Insights on the Quest for the Structure–Function Relationship of the Mitochondrial Pyruvate Carrier
Brazilian Biosciences National Laboratory, Center for Research in Energy and Materials, Campinas 13083-970, Brazil
Postgraduate program in Biosciences and Technology of Bioactive Products, Institute of Biology, University of Campinas, Campinas 13083-970, Brazil
School of Biosciences, University of Birmingham, Birmingham B15 2TT, UK
São Carlos Institute of Physics, University of São Paulo, São Carlos 13563-120, Brazil
Membrane Protein Laboratory, Diamond Light Source Limited, Harwell Science and Innovation Campus, Didcot OX11 0DE, UK
Author to whom correspondence should be addressed.
Current address: Infection and Immunity Program and Department of Biochemistry and Molecular Biology, Biomedicine Discovery Institute, Monash University, Clayton 3800, Australia.
Current address: McArdle Laboratory for Cancer Research, Department of Oncology, School of Medicine and Public Health, University of Wisconsin at Madison, Madison, WI 53705, USA.
Current address: National Physical Laboratory, Teddington, Middlesex TW11 0LW, UK.
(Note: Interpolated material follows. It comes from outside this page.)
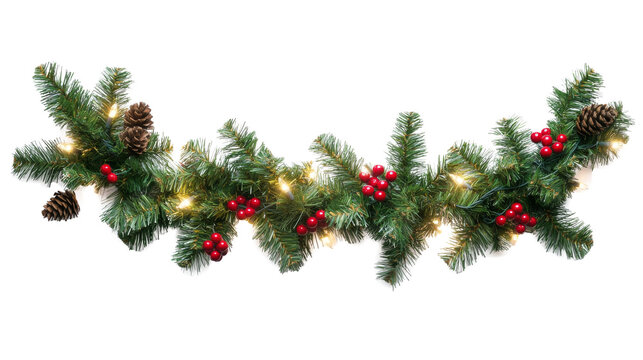 Pinecone and berry garland lit with twinkling lights for festive occasions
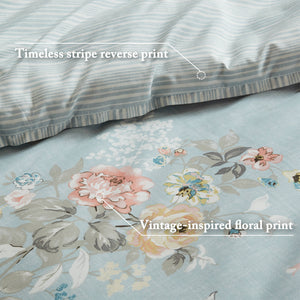 7-Piece Cal King 7 Piece Vin-Inspired Collection Floral Print, Soft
Received: 16 October 2020 / Revised: 14 November 2020 / Accepted: 17 November 2020 / Published: 19 November 2020
The atomic structure of a biological macromolecule determines its function. Discovering how one or more amino acid chains fold and interact to form a protein complex is critical, from understanding the most fundamental cellular processes to developing new therapies. However, this is far from a straightforward task, especially when studying a membrane protein. The functional link between the oligomeric state and complex composition of the proteins involved in the active mitochondrial transport of cytosolic pyruvate is a decades-old question but remains urgent. We present a brief historical review beginning with the identification of the so-called mitochondrial pyruvate carrier (MPC) proteins, followed by a rigorous conceptual analysis of technical approaches in more recent biochemical studies that seek to isolate and reconstitute the functional MPC complex(es) in vitro. We correlate these studies with early kinetic observations and current experimental and computational knowledge to assess their main contributions, identify gaps, resolve ambiguities, and better define the research goal.